Our current economic problems exist because our entire system has become cumbersome. Too much wealth at the top, too little at the bottom, too little need to pay out, too much ability to remain wealthy without paying. Too much willingness to pay overly high markups for goods and services, too much need to get by without those goods and services. This cannot be fixed by government taxing the wealthy. Because the markets are not a simple matter of dollars and cents. Too much moral evaluation of our economic models. Economies, by their nature, redistribute wealth naturally. I cannot turn a profit unless I charge you more than it took for me to produce. That's the simple fact of it, and no amount of decrying profit as evil will change the necessity of making profit. The success of an economic model isn't based on its alleged moral value. It's based on its ability to allow and maintain continual movement of wealthy over a long period of time, so that people can enjoy success over most of their lifetimes.
After the 1920s the economy came crashing down when it became too cumbersome.

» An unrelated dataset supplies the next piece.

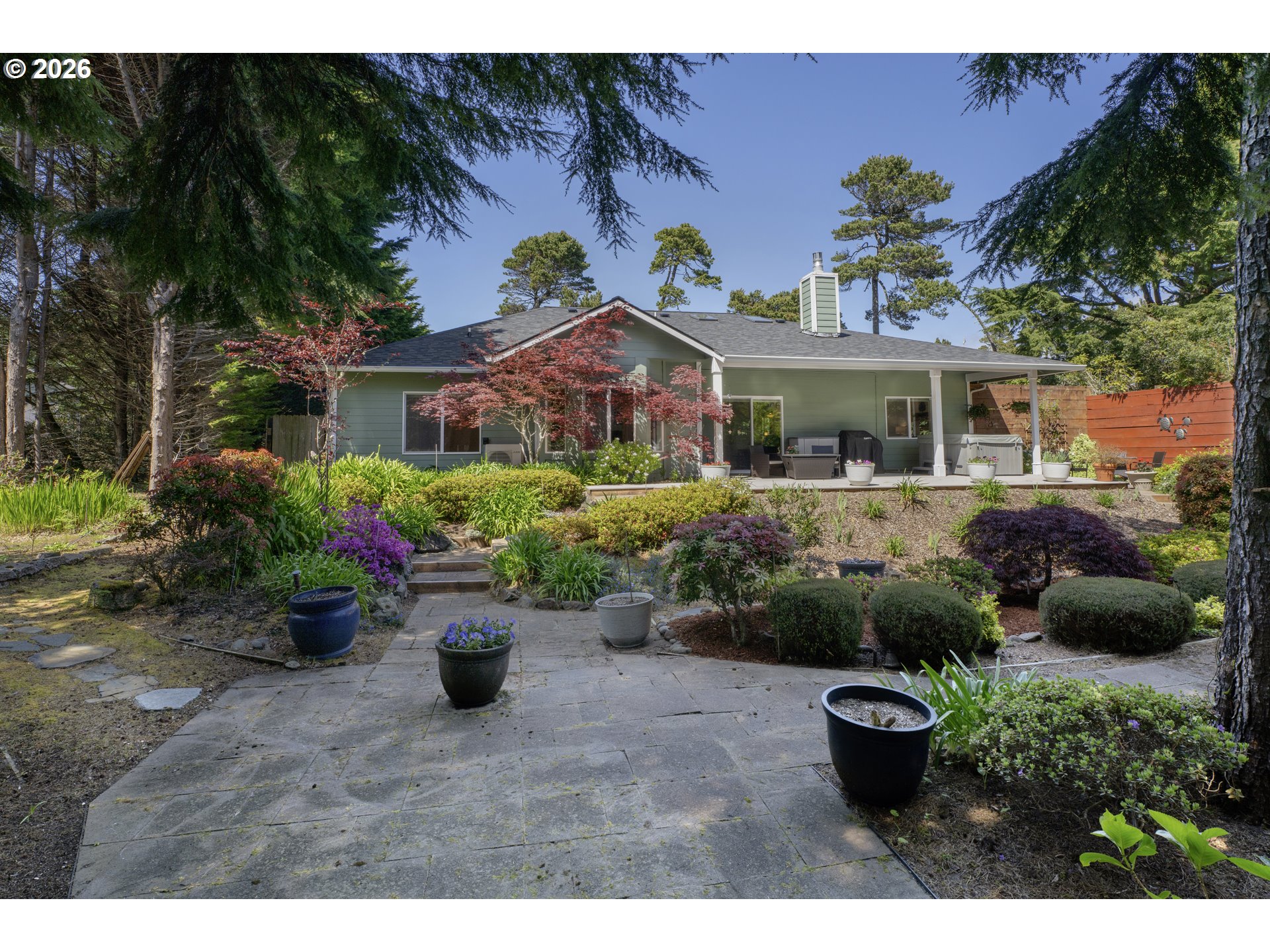 109 Ocean View Court Florence, OR 97439 - Photo 39 of 48 a view of a garden with a patio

But after the Great Depression the economy reemerged more powerful than before. If our economy suffers a similar crash, we can expect it to eventually produce a similar rebounding. Government bailouts try to prevent the economy's natural mechanisms to redistribute wealth into a more sustainable setting so that it can resume productivity again.
Can the economy ever recover, truly recover, unless we allow it to fall on its own? If large corporations fail on their own accord, they create vacuums in demand that will allow smaller businesses an opportunity to flourish stronger than before. Smaller businesses tend not to have as cumbersome structures as larger businesses. The pay scales and profit scales tend to spread more of the company's wealth among more employees, not just to the top of the pyramid, which allows for greater economic stability, and greater affluence in the population with less need for government programs and policies to attempt to artificially create it. What our economy needs is for the large corporations to fail on their own, for smaller businesses to fill in the void on their own, and the result will be that more people will be able to earn income on their own through returning to work, instead of continual unemployment benefits, food stamps, etc.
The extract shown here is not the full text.